Ieri sera Netanyahu ha approvato un nuovo attacco su Gaza, per “distruggere tutto”.
Io non ce la faccio più a restare ferma.
La mia coscienza mi tormenta, perché questo restare inerti — questo non fare nulla — ci rende complici.
Complici di un genocidio.
Mi è stato detto più volte: “Tanto non serve a nulla”.
Ma questa frase è intrisa di una rassegnazione che non possiamo più permetterci.
È un grido disperato che paralizza ogni possibilità di agire.
E invece dobbiamo credere che ogni gesto di verità, ogni preghiera pubblica, ogni appello sincero possano rompere l’assuefazione, risvegliare le coscienze — e forse anche spingere chi ha potere a muoversi.
Non possiamo cedere alla logica dell’impotenza.
Non possiamo tacere.
Mi addolora profondamente vedere una Chiesa quasi silente.
Non mi do pace al pensiero che da parte delle comunità religiose non sia nata alcuna iniziativa concreta.
Forse perché ci siamo abituati a pensare che la testimonianza debba essere “interiore”, “silenziosa”, “nascosta”.
Ma oggi, davanti a una tragedia di queste proporzioni, non c’è nulla di più scandaloso del silenzio religioso.
Forse si teme di “esporsi troppo”, di “entrare nel politico”, di “rompere gli equilibri”…
Ma non può esserci neutralità davanti a un genocidio.
O si è complici, o si sceglie la verità.
E oggi, la verità urla dalle macerie di Gaza.
Decine di migliaia di morti, bambini mutilati nel corpo e nell’anima, ospedali distrutti, famiglie cancellate.

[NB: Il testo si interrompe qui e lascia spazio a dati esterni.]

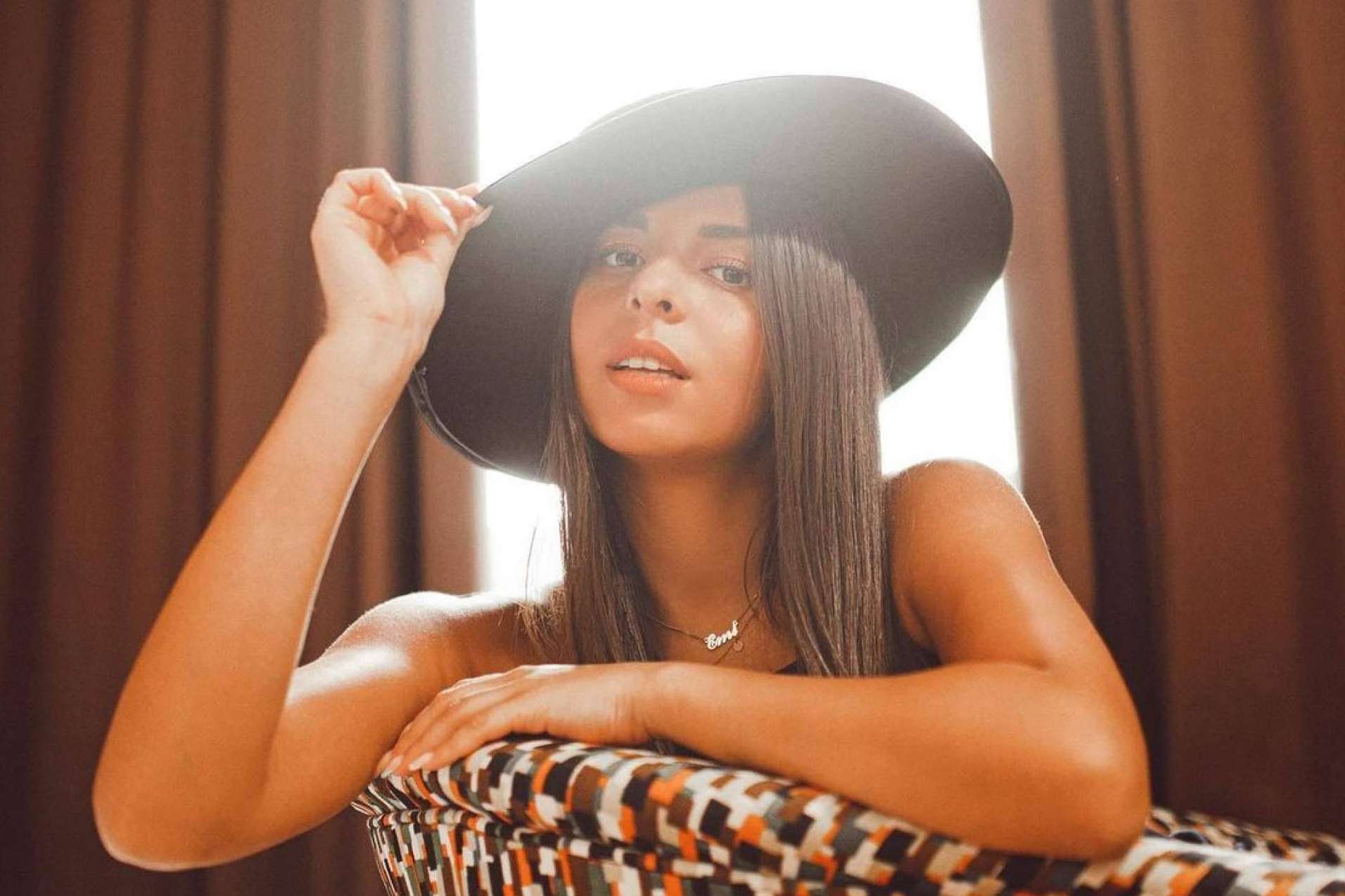 ¿Quién es la influencer Emilia Chaouchi?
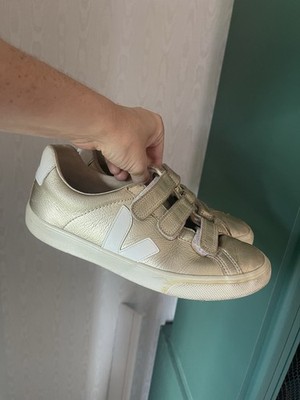 Veja Recife (hook and loop closure) Platine White Gold Metallic Sneaker US 6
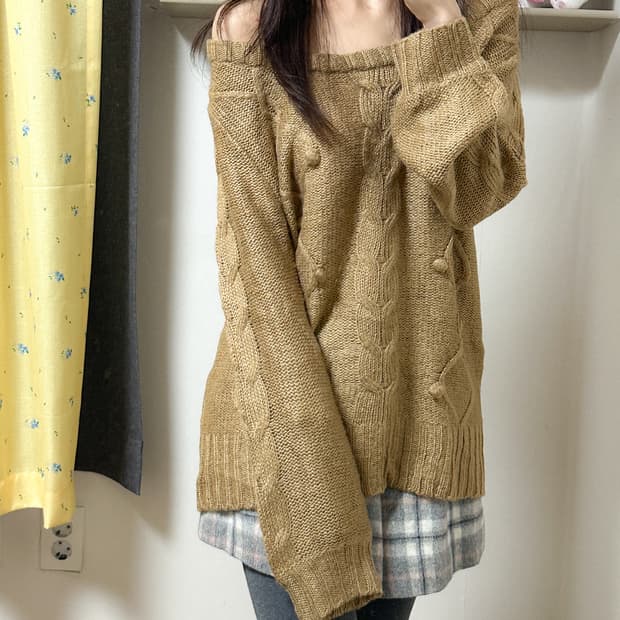 빈티지 브라운 라떼 폼폼이 오프숄더 니트 히메갸루 로걀 모리걸 헤이세이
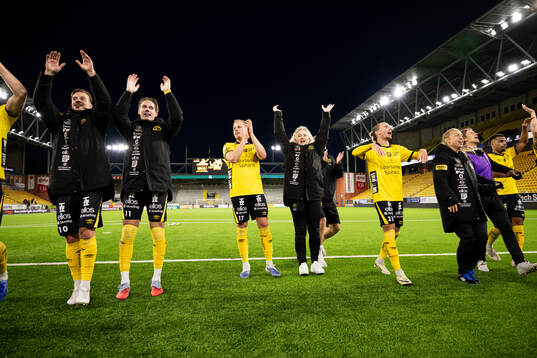 Elfsborgs spelare och ledare jublar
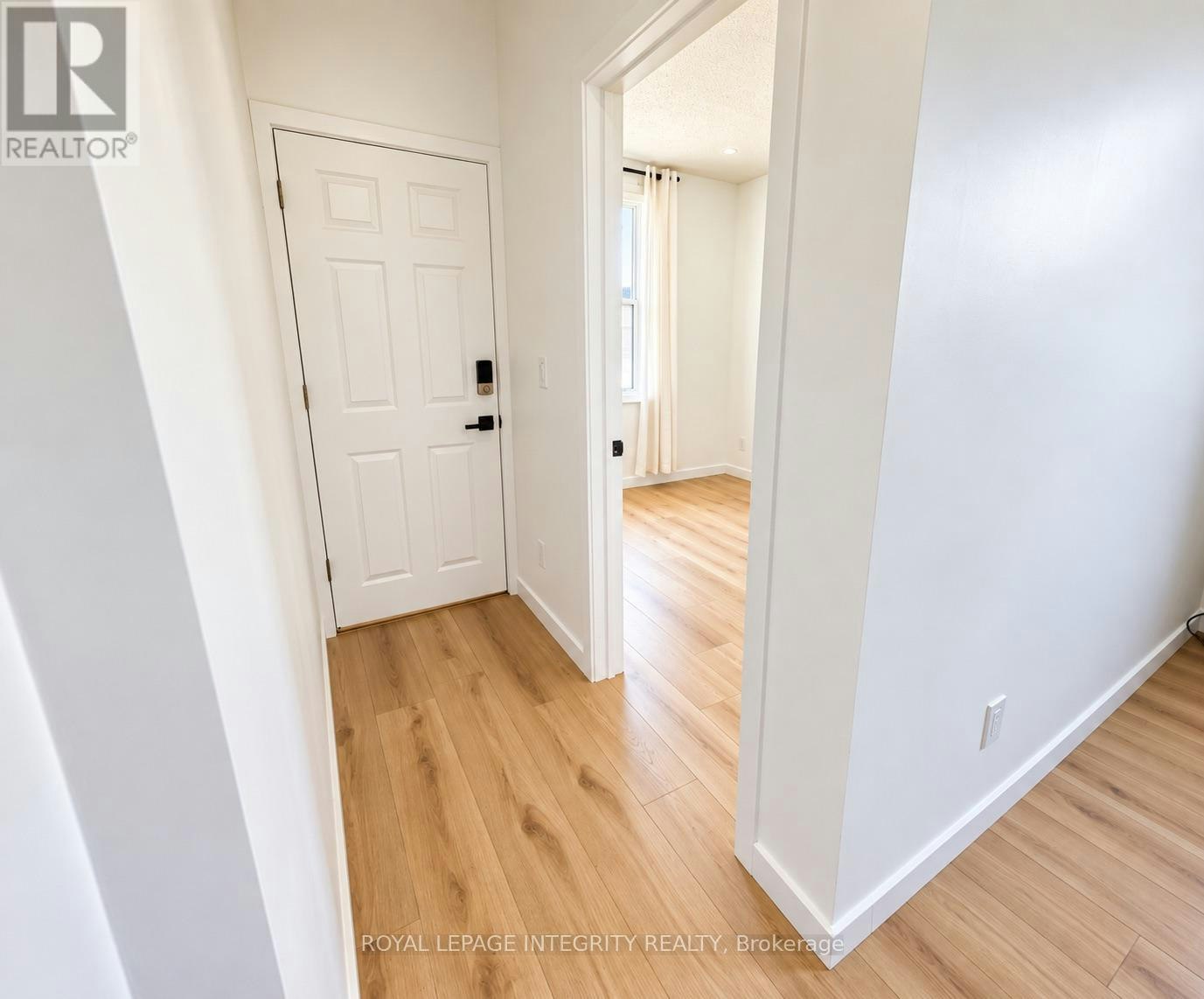 920 Gladstone Avenue, Ottawa, ON, K1R 6Y4 - 3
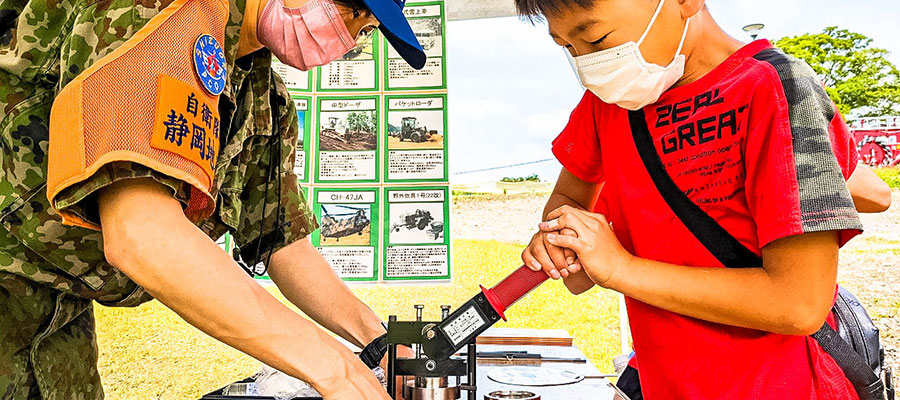 比奈公園青空フェスティバルで自衛隊ブース大人気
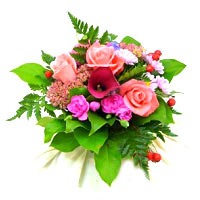 Tie all bouquets of fresh flowers after receiving the order. Picture of a pink r...
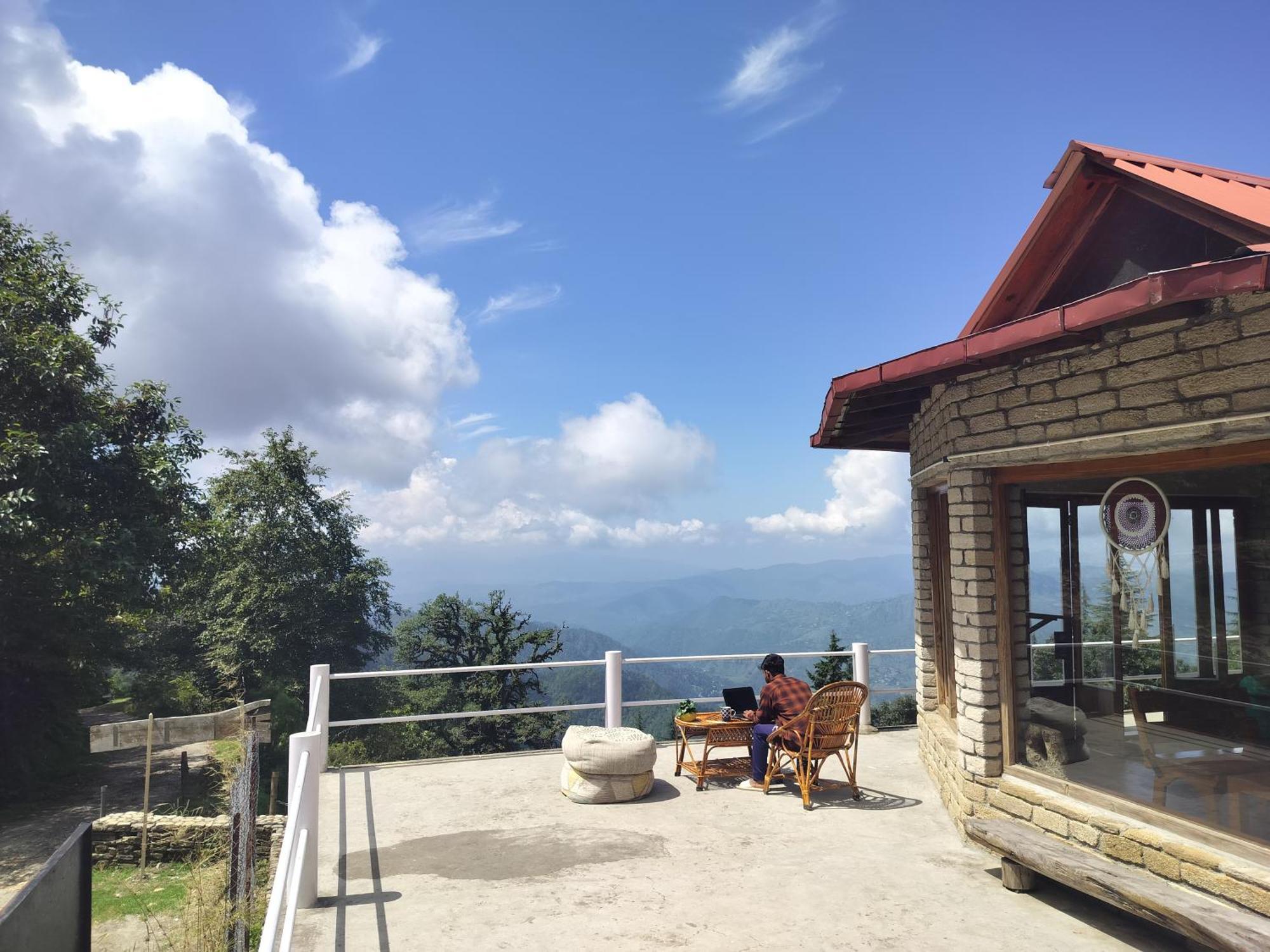 Simba Jungle Lodge, Binsar Wildlife Sanctuary Bagian luar foto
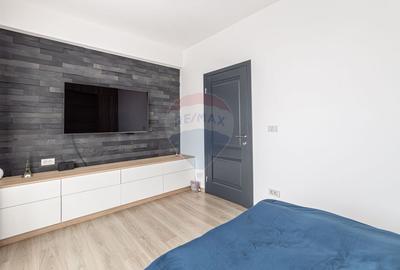 Apartament cu 3 camere decomandat, mobilat în UTA - 9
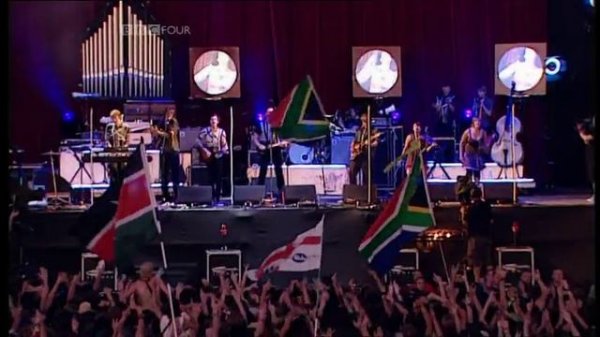 Arcade Fire - Neighborhood #1 (Tunnels) | Reading Festival 2007 | Part 6 of 9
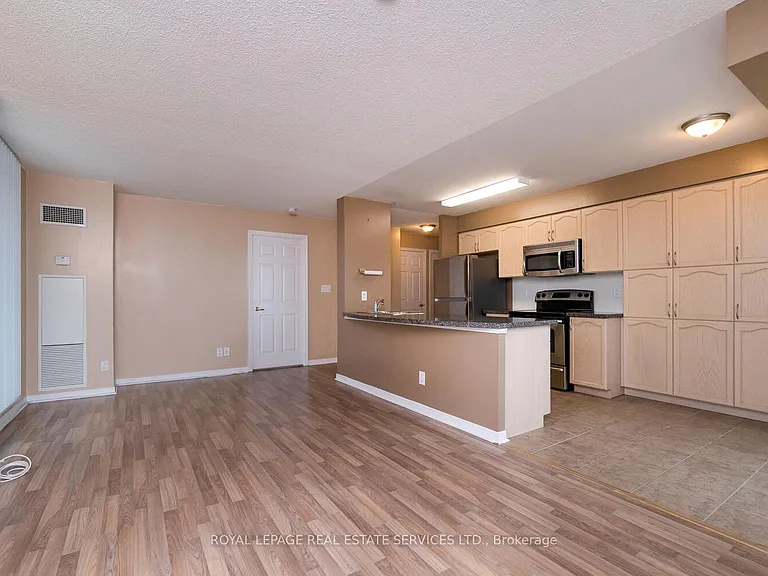 4850 Glen Erin Dr #704 — Photo 7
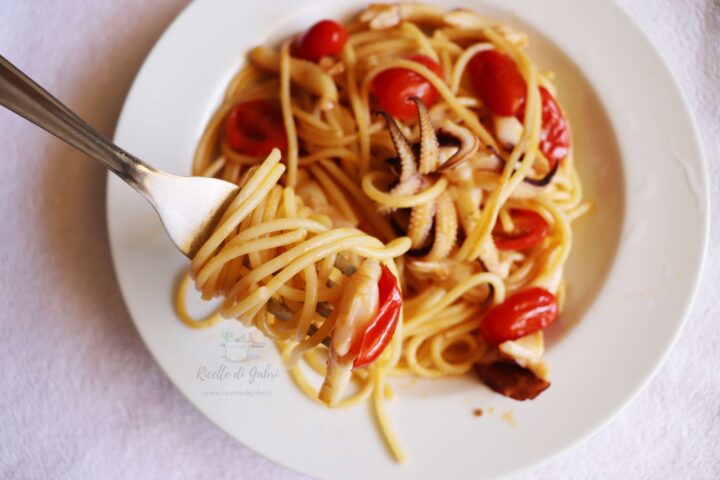 pasta sopaghetti con seppie e pomodorini ricetta facile veloce gabri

Tutto questo accade nel silenzio — o nella complicità — di molti poteri, anche religiosi.
Non basta più dirsi “in preghiera”.
Non basta condannare “la violenza in generale”.
Dove siamo noi, mentre un popolo viene annientato?
Dove sono le nostre comunità, le nostre diocesi?
Dove sono le parole profetiche? Dove sono i gesti concreti?
La Chiesa non è una un’organizzazione fra le altre, né un’istituzione neutrale: è il Corpo di Cristo.
E allora, forse è arrivato il momento di mettere il nostro corpo accanto a quello crocifisso dell’umanità.
Non possiamo restare lontani dal pianto degli innocenti.
Vi supplico ancora di prendere contatto con le comunità sorelle, con altre comunità religiose.
E ancora vi ripropongo quello che da mesi mi sembra l’unico gesto possibile: radunare un centinaio tra religiose e religiosi, e andare a Roma, davanti al Quirinale, a pregare giorno e notte, a leggere i Salmi e il Vangelo.
A chiedere con la forza mite della preghiera che il governo italiano interrompa ogni vendita di armi a Israele,
che si rompano i legami economici con chi porta avanti un’opera di annientamento.
E poi, andiamo anche in piazza San Pietro, con cartelli semplici, diretti, che chiedano al Papa di muoversi: di andare a Gaza, di condannare pubblicamente Israele, di lanciare appelli incessanti perché i Paesi occidentali si mobilitino per fermare il genocidio.
Stiamo lì, giorno e notte, a leggere i salmi e il Vangelo.
Se la nostra arma è la preghiera, allora è il momento di usarla in modo visibile.
Ma se a qualcuno avesse una idea migliore ben venga , ma non possiamo rimanere tranquilli nei nostri conventi.
Forse anch’io mi sento stanca, scoraggiata, delusa.
Ma la mia coscienza non mi lascia in pace.
E un giorno i nostri figli — o i bambini sopravvissuti di Gaza — ci chiederanno: «E tu, dov’eri?»
Vi prego: fate girare questa lettera a tutti i fratelli e le sorelle e anche alle comunità sorelle.